Wie lernen wir, dass unsere Gefühle nicht unkontrolliert den Weg nach außen finden sollen. Das lernen wir durch kopieren. Wir imitieren das Verhalten der Menschen um uns herum. Das ist was Kinder machen: imitieren, kopieren, nachahmen. Wenn sie es richtig machen, werden sie gelobt. Wenn nicht, dann kriegen sie kein Lob. Lob fühlt sich besser an als kein Lob oder Scham oder Strafe und das Kind lernt somit, dass gesellschaftlich richtige Verhalten zu zeigen.
Aber dennoch gibt es Situationen, in denen wir es nicht schaffen, unsere Gefühle unter Kontrolle zu halten. Einer verärgert uns so sehr, dass wir nur noch Rot sehen. Die Gefühle gehen mit uns durch. Und was dann? Nachgeben und ihm eins auf die Fresse geben bis er aufgibt? Ich denke, wir haben alle schon gelernt, dass das nur Nachteile ergibt. Mehr Streit, mehr Unfreundlichkeit, mehr Stress, mehr Unglück.
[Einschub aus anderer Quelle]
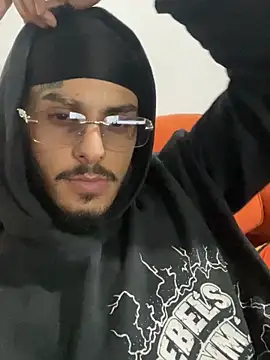 liyamjunior online show from 22, 2, 2026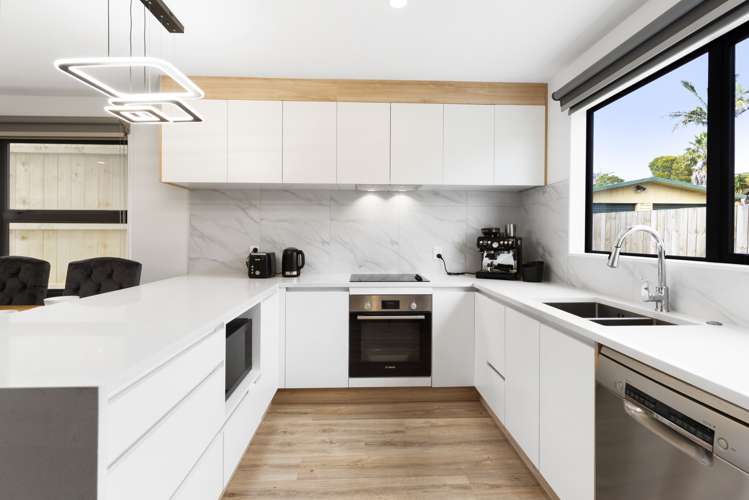 66b Patons Road Howick_5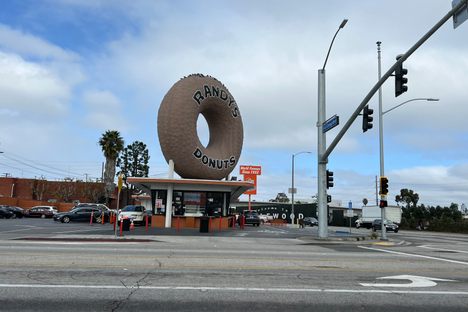 Randy's Donuts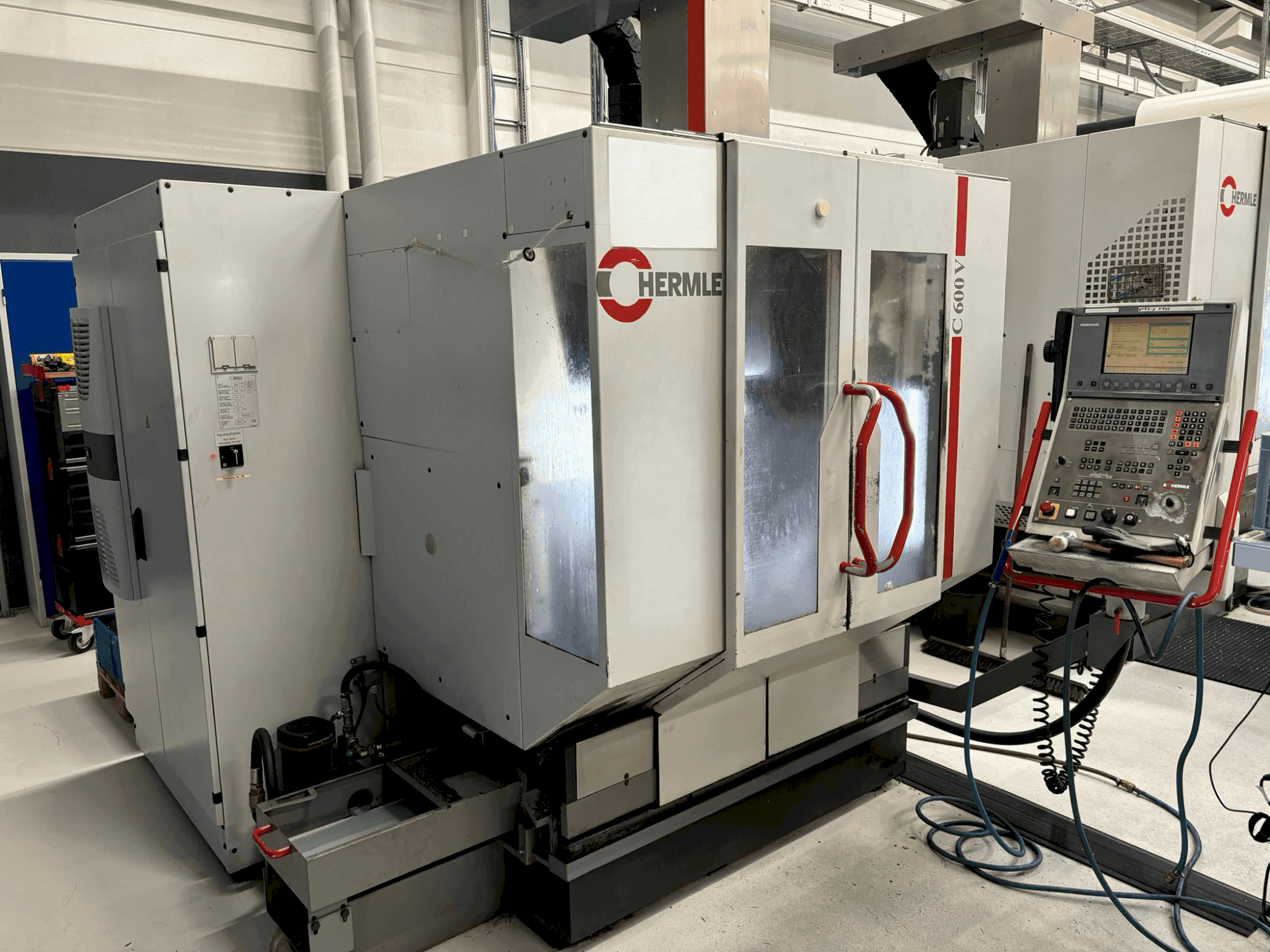 HERMLE C 600 V-maskinen framifrån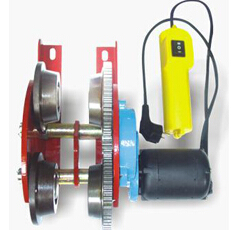在使用完小型電動葫蘆以后要及時(shí)清除其表面的塵土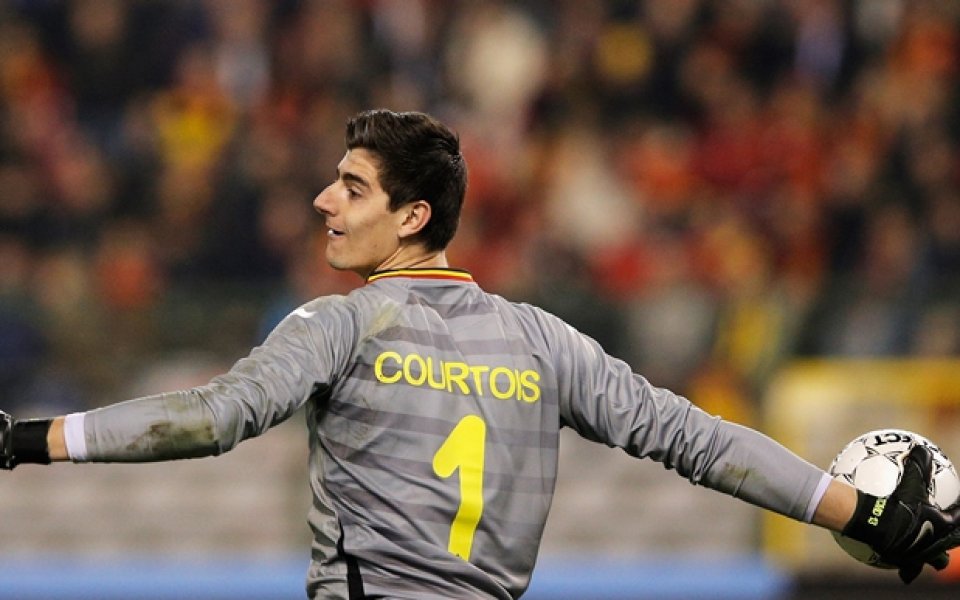 Челси не смята да продава Куртоа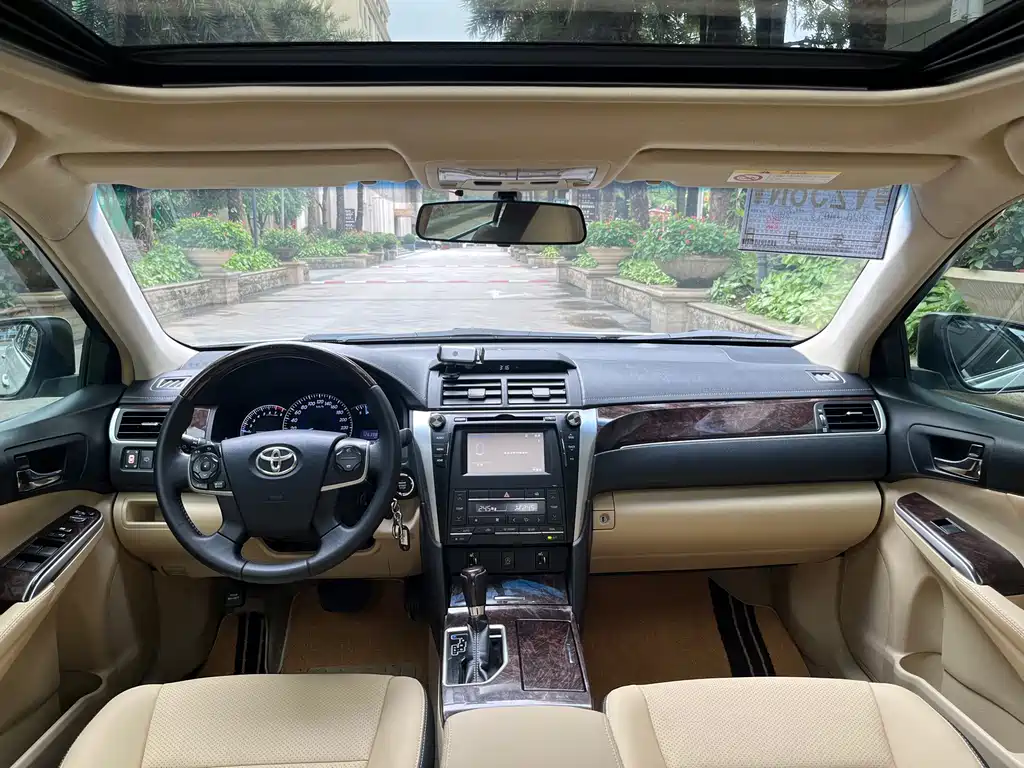 Toyota Camry — миниатюра 5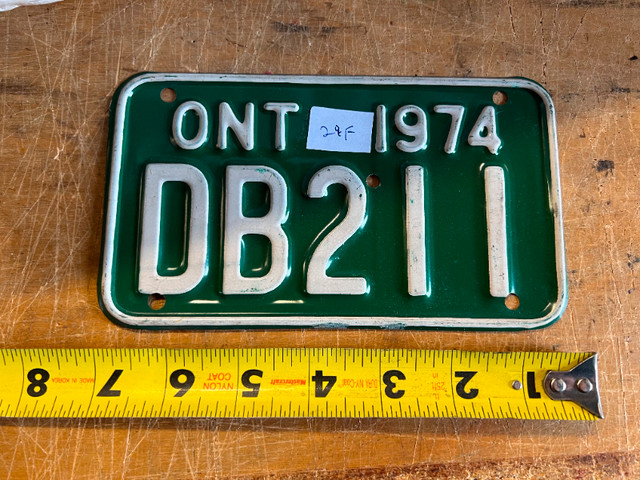 OLDER ONTARIO MOTORCYCLE / SNOWMOBILE PLATE 1974 in Arts & Collectibles in Mississauga / Peel Region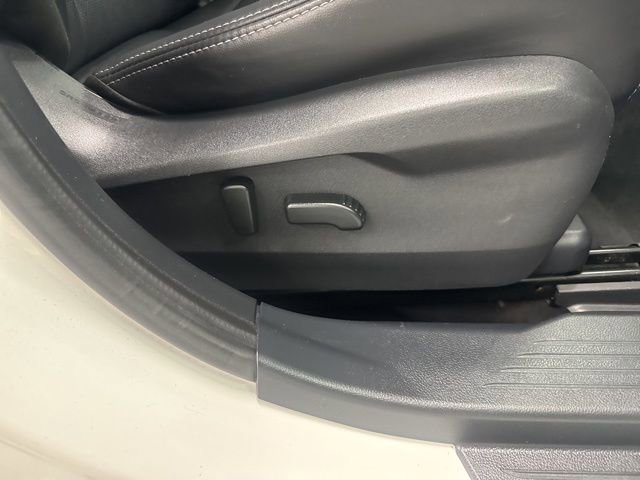 Used 2020 Subaru Outback Limited image 24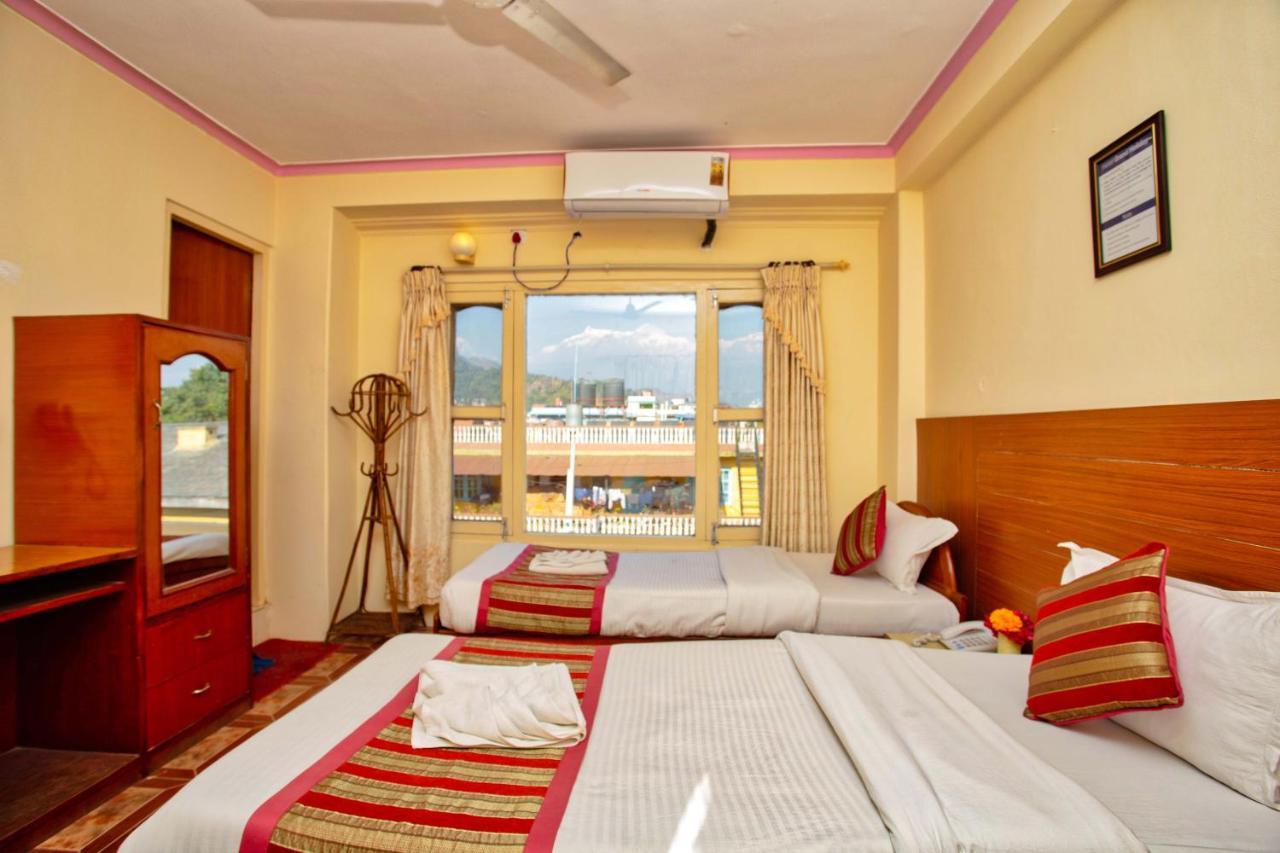 Hotel Grand Holiday Покхара Екстер'єр фото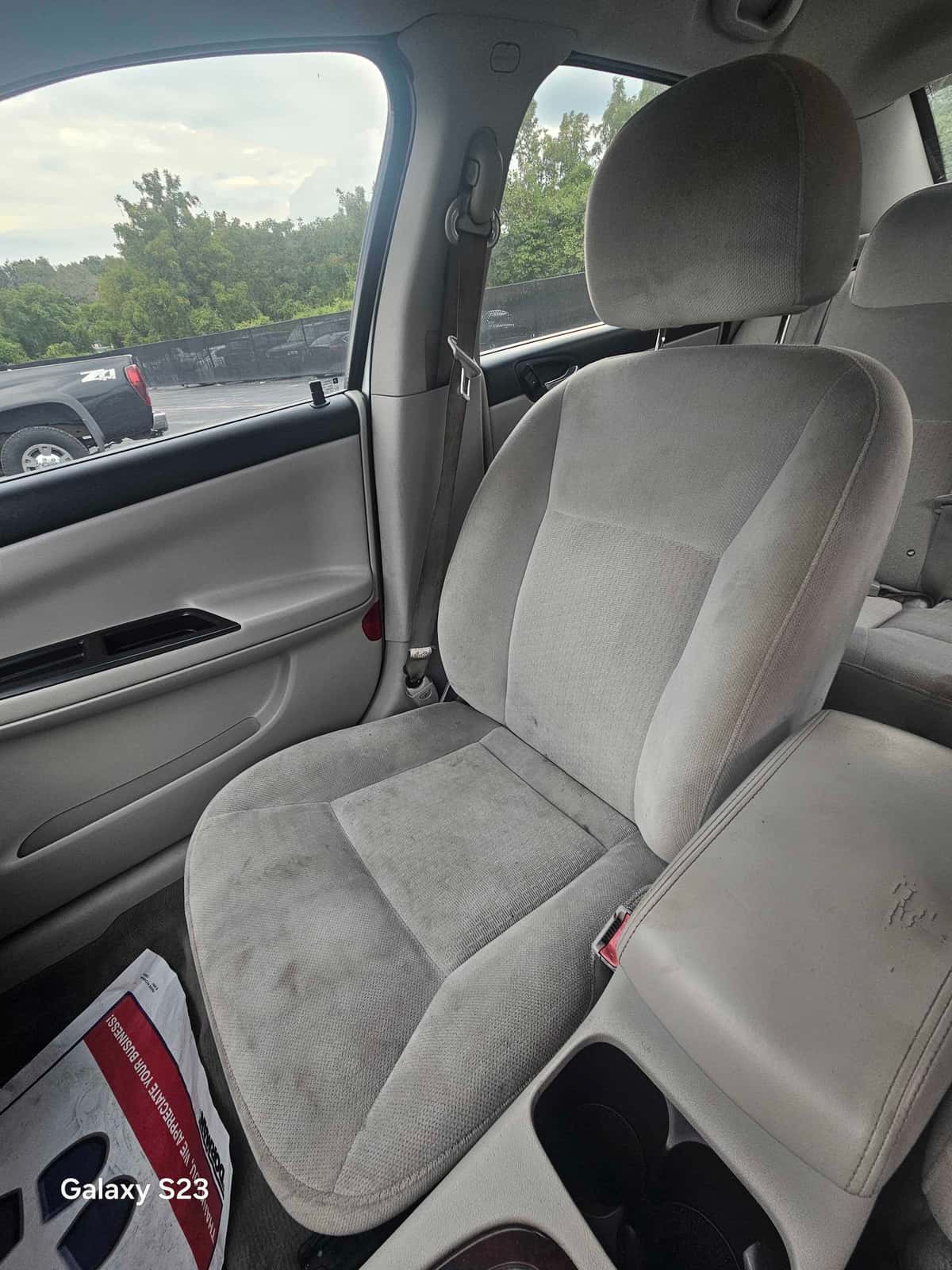 2010 Chevrolet Impala 11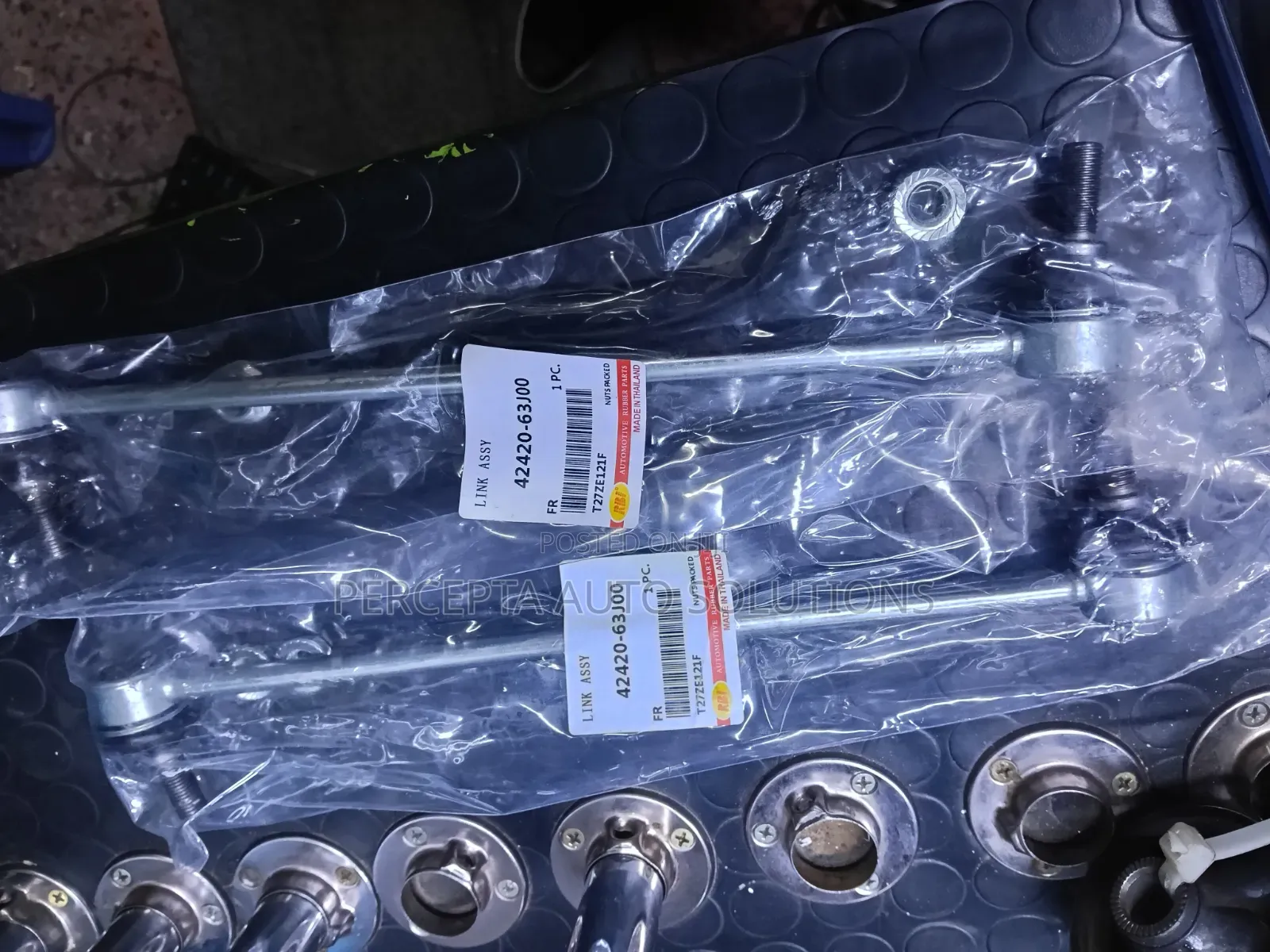 Suzuki Swift, Volvo S60/S80/V60/V70,Ford Escape/Focus 42420-63j00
Was dann? Die Details hängen vom Typ ab, aber grob gesagt, kann jeder einen Anhalt finden bei der Gewaltfreien Kommunikation von Marschall B. Rosenberg. Es ist eine häufig angewandte Methode, womit man Verständnis für das Gefühlsleben anderer in sich selbst weckt. Anhand des theoretisch einfachen Konzeptes der Empathie, lernt man den anderen zu verstehen. Es kommt zu einer Kommunikation, die uns allen gut tut und die das Leben einfach schöner macht. Jeder Enneagramtyp wird es im Detail anders machen, aber die Idee bleibt die gleiche: urteilfreies Einfühlen.
Und das Wunderbare an dieser Gewaltfreien Kommunikation ist, dass man es auch auf sich selbst anwenden kann. Das man lernt sich selbst zuzuhören, zu spüren was seine eigenen Bedürfnisse sind und von daraus eine Selbstfürsorge für sich selbst erarbeiten kann. Ohne Rot zu sehen.